Il faisait probablement référence au fait que la présence des forces américaines dans le nord-est de la Syrie en soutien aux FDS, qui contrôlent la rive est de l’Euphrate, coupe la voie terrestre aux forces iraniennes qui voudraient transporter hommes et équipements en Syrie à travers la frontière avec l’Iraq. L’adjoint au secrétaire à la Défense pour les affaires de sécurité, Robert Karem, a reconnu lors de son témoignage devant le Congrès le 26 septembre que « certains aspects de nos opérations militaires ou de notre présence sont utiles pour contenir l’Iran » et l’empêcher, ainsi que le régime syrien, de traverser la rivière. C’était la première fois que le département à la Défense reconnaît que l’armée américaine en Syrie a d’autres missions que celle d’éradiquer Daech et de prévenir son retour.

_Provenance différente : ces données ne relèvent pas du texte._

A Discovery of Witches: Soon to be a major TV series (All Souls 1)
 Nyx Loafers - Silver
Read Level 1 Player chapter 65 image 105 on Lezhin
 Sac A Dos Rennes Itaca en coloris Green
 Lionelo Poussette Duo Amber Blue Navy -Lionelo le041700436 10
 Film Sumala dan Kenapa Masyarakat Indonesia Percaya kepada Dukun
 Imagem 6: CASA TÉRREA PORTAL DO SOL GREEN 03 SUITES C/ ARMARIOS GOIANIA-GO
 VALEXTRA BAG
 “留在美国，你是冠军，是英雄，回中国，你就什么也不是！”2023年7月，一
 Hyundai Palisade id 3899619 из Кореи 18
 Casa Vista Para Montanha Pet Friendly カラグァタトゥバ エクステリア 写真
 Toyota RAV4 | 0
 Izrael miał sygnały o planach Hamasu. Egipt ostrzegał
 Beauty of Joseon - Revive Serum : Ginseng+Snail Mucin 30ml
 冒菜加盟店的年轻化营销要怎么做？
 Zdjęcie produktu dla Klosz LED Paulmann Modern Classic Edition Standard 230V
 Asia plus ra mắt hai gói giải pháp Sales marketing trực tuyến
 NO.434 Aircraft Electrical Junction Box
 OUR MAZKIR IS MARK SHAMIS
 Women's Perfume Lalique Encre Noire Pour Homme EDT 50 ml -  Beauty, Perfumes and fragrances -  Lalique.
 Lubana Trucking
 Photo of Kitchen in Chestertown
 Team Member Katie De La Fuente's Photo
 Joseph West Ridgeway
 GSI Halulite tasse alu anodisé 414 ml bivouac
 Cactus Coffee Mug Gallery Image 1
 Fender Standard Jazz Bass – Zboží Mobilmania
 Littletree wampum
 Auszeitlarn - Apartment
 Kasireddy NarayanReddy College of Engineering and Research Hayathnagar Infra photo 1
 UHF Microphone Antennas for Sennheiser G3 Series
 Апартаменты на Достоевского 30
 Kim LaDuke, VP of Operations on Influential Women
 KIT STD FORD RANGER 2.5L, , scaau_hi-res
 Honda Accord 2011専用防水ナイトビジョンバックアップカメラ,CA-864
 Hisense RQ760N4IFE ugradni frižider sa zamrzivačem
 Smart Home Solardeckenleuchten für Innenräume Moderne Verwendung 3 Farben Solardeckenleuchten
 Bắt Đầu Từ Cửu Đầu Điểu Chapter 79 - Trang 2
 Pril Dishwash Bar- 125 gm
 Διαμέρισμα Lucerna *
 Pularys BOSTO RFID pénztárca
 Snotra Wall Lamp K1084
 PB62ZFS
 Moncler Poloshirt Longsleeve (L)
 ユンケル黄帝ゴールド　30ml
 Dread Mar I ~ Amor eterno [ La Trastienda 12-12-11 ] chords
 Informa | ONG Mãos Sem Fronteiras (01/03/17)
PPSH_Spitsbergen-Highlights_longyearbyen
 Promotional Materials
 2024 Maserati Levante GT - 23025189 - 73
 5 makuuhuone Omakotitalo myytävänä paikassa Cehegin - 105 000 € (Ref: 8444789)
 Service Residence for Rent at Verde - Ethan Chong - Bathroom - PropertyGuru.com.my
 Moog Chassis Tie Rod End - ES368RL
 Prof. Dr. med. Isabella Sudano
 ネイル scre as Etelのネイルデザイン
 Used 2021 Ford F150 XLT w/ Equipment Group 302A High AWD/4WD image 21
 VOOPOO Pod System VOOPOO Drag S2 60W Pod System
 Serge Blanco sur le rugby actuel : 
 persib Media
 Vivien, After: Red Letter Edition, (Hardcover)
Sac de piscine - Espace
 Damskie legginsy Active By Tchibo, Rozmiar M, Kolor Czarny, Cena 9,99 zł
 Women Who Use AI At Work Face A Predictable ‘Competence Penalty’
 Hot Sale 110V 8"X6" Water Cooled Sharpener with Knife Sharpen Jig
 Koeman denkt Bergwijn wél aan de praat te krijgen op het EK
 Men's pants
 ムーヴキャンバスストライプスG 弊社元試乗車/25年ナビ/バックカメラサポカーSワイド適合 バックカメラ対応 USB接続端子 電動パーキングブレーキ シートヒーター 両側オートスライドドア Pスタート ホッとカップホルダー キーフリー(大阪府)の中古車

La région à l’est de l’Euphrate est également stratégique car elle renferme l’essentiel des réserves de la Syrie en pétrole et gaz naturel, qui sont une source majeure de revenu pour le régime de Damas. Les Etats-Unis espèrent mettre à profit leur présence dans cette région doublement stratégique et leur soutien aux Kurdes syriens, qui cherchent à acquérir leur autonomie, pour peser sur le contenu du règlement de la crise syrienne et obtenir des concessions de Damas, notamment le départ des Iraniens et du Hezbollah.
Vu qu’elle n’est pas autorisée par le Congrès à s’engager militairement contre Téhéran, l’Administration Trump se limiterait à faire usage de la présence militaire américaine comme un levier pour influencer la tournure que prendraient les événements dans les mois à venir, à la lumière de la victoire en vue des forces gouvernementales. Pour ce faire, elle chercherait, selon des responsables du Département d’Etat et du Pentagone, à persuader la Russie, alliée de Damas, de faire pression sur le président Bachar Al-Assad pour qu’il réduise ses rapports avec l’Iran et lui demande de retirer ses forces de la Syrie. Pour le moment, ces efforts n’ont pas donné de résultat. En août, Washington a rejeté une proposition russe de restreindre les mouvements des forces iraniennes et de leurs alliés en Syrie, en échange de la suspension de la deuxième salve de sanctions contre Téhéran, prévue à partir du 4 novembre prochain. Si les Etats-Unis insistent sur un « jeu à somme nulle » dans leur bras de fer avec l’Iran, comme ils le laissent entendre, il serait difficile de voir comment Téhéran sacrifierait les gains de sept ans d’implication dans le conflit syrien sans contrepartie.